Imitative multimodal abilities have been acknowledged to be fundamental during infancy, for acquiring linguistic, social and emotional competences (Simpson et al., 2014; Kugiumutzakis and Trevarthen, 2015). If vocal imitation is correlated with speech development (Kuhl and Meltzoff, 1996), gestural imitation is also highly predictive of communicative development (Uzgiris, 1972, 1999). Through functional plasticity, early imitation is at the core of both learning and communication experience (Nadel, 2014).
From birth onwards, infants imitate gestures (Field et al., 1982; Meltzoff and Moore, 1983; Soussignan et al., 2011; Meltzoff et al., 2018), and sounds (Kugiumutzakis, 1998) that they have in their motor repertoire. They also imitate the rhythm of a vocal model (Papoušek and Papoušek, 1989), thus underlining that imitation is an interpersonal phenomenon. Within this framework, reciprocal imitations of early vocal interactions in mother-infant dyads are well documented (Kugiumutzakis, 2017).
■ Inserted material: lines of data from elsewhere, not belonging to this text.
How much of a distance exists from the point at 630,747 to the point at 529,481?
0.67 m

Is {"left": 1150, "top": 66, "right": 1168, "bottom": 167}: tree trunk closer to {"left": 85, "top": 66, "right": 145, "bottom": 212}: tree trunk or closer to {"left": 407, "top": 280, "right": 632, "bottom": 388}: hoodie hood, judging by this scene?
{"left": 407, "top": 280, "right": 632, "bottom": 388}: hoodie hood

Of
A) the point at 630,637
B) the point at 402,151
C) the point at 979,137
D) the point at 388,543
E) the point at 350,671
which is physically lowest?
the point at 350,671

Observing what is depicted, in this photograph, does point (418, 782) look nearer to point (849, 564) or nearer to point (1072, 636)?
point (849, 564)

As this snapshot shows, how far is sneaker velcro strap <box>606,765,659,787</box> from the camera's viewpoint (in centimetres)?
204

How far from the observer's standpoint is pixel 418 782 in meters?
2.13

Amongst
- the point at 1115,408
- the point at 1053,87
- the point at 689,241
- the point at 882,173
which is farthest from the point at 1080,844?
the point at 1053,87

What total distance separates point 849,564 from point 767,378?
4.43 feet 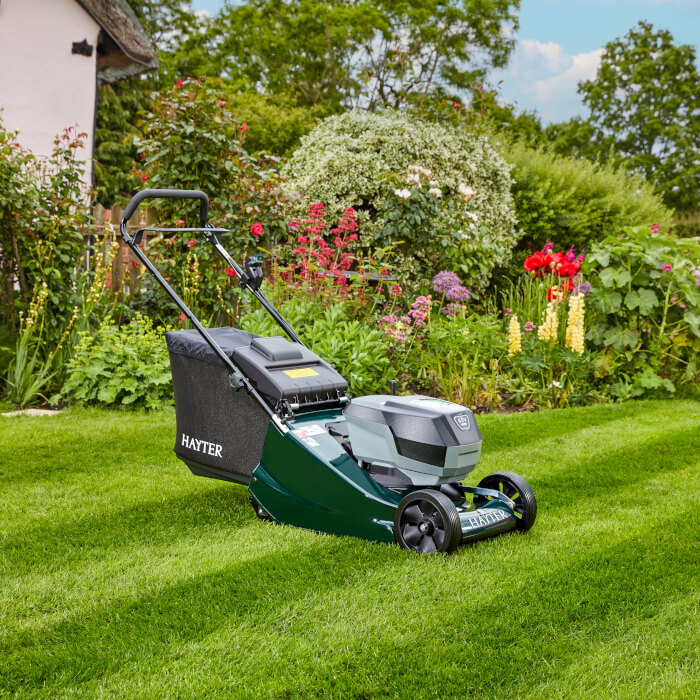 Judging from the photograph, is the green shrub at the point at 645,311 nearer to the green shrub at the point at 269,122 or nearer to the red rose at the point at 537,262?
the red rose at the point at 537,262

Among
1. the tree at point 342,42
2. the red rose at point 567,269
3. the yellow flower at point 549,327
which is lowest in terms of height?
the yellow flower at point 549,327

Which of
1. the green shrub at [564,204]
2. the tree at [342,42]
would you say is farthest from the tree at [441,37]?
the green shrub at [564,204]

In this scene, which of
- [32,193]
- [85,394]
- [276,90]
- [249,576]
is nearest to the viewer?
[249,576]

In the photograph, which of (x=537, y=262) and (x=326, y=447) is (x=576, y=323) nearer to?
(x=537, y=262)

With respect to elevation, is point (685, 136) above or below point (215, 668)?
above

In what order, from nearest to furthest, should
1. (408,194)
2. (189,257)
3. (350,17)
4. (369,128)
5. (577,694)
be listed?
1. (577,694)
2. (189,257)
3. (408,194)
4. (369,128)
5. (350,17)

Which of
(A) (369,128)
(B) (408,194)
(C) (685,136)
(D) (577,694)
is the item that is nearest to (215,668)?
(D) (577,694)

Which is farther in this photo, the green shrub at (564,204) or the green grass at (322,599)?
the green shrub at (564,204)

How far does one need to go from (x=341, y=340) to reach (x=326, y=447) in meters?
2.63

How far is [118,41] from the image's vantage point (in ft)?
39.7

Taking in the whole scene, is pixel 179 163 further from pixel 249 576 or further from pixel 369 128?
pixel 249 576

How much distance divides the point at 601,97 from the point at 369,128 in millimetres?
26137

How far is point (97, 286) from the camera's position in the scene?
20.2 ft

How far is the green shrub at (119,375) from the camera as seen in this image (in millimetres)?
5574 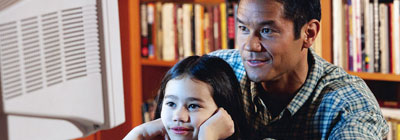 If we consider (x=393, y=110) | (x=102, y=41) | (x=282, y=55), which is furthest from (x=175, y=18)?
(x=102, y=41)

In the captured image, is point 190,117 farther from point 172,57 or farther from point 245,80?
point 172,57

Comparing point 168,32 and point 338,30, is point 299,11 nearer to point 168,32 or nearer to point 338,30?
point 338,30

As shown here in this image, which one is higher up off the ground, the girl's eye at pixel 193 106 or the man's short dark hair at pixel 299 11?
the man's short dark hair at pixel 299 11

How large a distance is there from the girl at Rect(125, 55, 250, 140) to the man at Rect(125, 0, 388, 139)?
0.10 feet

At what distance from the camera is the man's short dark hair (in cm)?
139

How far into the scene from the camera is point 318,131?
1.41 metres

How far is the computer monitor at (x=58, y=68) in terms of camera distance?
2.42ft

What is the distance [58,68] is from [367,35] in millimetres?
1573

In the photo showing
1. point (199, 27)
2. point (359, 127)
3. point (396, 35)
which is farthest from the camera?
point (199, 27)

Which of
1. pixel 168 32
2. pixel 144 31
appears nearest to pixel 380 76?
Result: pixel 168 32

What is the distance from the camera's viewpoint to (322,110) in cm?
140

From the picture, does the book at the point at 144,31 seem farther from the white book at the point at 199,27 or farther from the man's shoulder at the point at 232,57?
the man's shoulder at the point at 232,57

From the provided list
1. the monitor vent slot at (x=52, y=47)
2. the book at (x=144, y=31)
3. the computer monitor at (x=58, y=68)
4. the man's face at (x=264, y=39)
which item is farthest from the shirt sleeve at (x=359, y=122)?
the book at (x=144, y=31)

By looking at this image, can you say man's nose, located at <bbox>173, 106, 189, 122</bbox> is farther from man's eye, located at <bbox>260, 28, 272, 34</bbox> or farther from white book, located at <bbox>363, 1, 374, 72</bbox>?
white book, located at <bbox>363, 1, 374, 72</bbox> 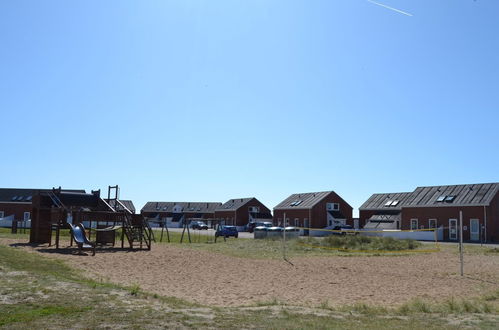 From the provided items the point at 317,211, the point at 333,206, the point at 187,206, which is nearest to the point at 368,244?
the point at 317,211

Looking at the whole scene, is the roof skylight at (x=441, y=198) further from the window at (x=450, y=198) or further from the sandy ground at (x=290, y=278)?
the sandy ground at (x=290, y=278)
Musical acoustic techniques applied to proto- conversations show how a mother speaking to her infant produces musically organized utterances to which the infant responds synchronously by moving in rhythmic expressive ways (Trevarthen, 2002). Indeed, gestural synchronic imitation is the first format underlying music, very early in infancy (Zentner and Eerola, 2010), as shown by the widespread practice of infant-directed music production such as lullabies and nursery rhymes (Trehub et al., 1993; Trehub, 2000).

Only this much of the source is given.